I work with household survey data and would like to create summary
statistics disaggregated by gender, age and other characteristics. In
my do-file the summary statistics are stored as scalars and then
converted to a matrix. I encountered a problem with the disggregation
by age because I use varying age ranges. Let's assume I want to
summarize income by gender and age (for ages 20-24 in this case) with
the following data.
age male income
20 1 6
21 1 7
22 0 5
23 0 9
24 1 6
* Set start and end age (NOTE: THE AGES VARY);
scalar startage = 20;
scalar endage = 24;
* Summarize income by gender;
sum income if male==1;
scalar male = r(mean);
sum income if male==0;
scalar female = r(mean);
* Summarize income by age;
local start = 1;
local end = (endage - startage + 1);
forvalues i = `start'/`end' {;
sum income if age==(`i'+startage-1);
scalar age`i' = r(mean);
};
The problem is in the following step.
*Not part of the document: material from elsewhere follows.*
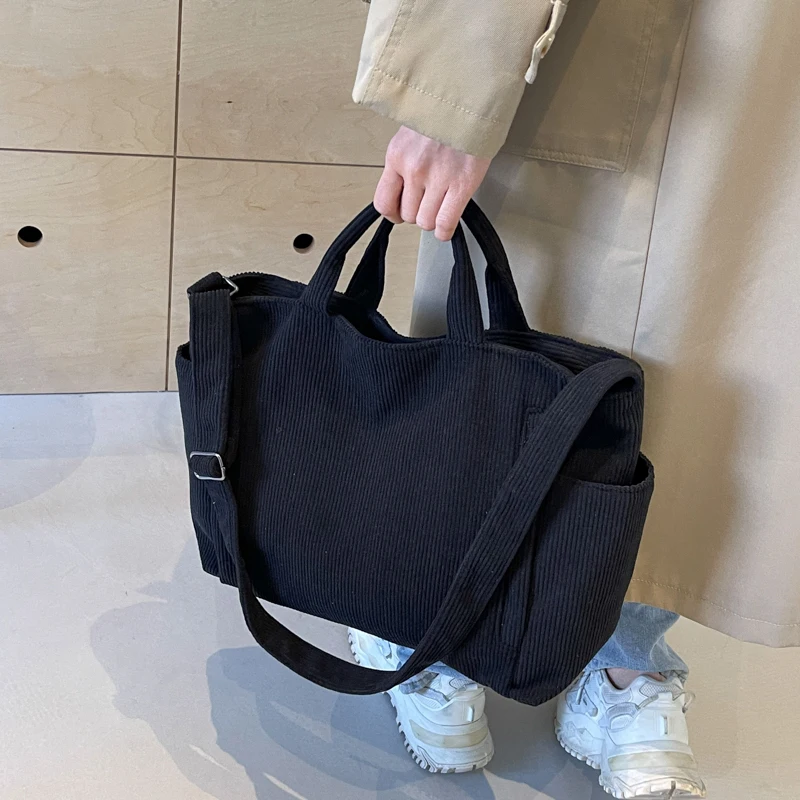 Tiptoegirls Classic Corduroy Fabric Female Handbag Light Weight Casual Simple Women Totes Bag Commuting Shoulder Messenger Bags
Tiptoegirls Classic Corduroy Fabric Female Handbag Light Weight Casual Simple Women Totes Bag Commuting Shoulder Messenger Bags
Because I use varying age
ranges I cannot list all age variables individually (age1, age2,
age3, ...) but want to refer to them with a wildcard character.
drop _all;
matrix data = startage,endage,male,female,age*;
svmat data;
This leads to this error message:
age* not found
r(111);
Can the matrix be created without listing all scalars individually?